With other tools, do I have to pay API based costs or are there ways to use my subscription? As I see it, the API costs add up quickly. That means we can be stuck with a few tools from the top tier model companies.
Deleted Comment
I have coded a few landing pages and even a full React Native app with the same Claude Pro account in the last month. I do not consider this huge usage, but this is similar to a couple months of my own programming with AI assistance (like Zed + Supermaven).
Please note: SmartCrawler is not ready for usage, you can surely try it out though but I am changing the inner workings and it is half-complete.
Also, there are many branches of code that I have thrown away because I did not continue that approach. Example, I was trying a bounding box way to detect what data to extract, using the HTML element's position and size on browser.

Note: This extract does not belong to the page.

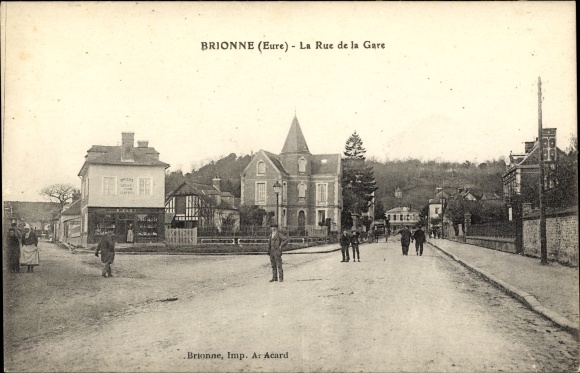 Postcard Brionne Eure, The Rue de la Gare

All coded with Claude Code. Generating such ideas is cheap in my opinion.
Guess I really have to look into making this more efficient.
other than the focus on tui design, does this have any advantage over Claude Code, Aider, Gemini using the same model?
I asked it to examine a codebase and it went lightning-fast into full refactoring mode and started "fixing" stuff - while profusely apologising because it couldn't get the code to compile :D
Currently the best way to use Gemini CLI is to instruct Claude to use it when examining large codebases. Gemini investigates -> generates markdown summary -> Claude uses summary to direct itself without wasting context.
we're very focused on UX and less so on LLM performance. we use all the same system prompts/config as claude code
that said people do observe better performance because of out of the box LSP support - edit tools return errors and the LLM immediately fixes them
I'm gonna stick with this for now. The dev is responsive, updates regularly, it works fine, and it just seems to keep getting better.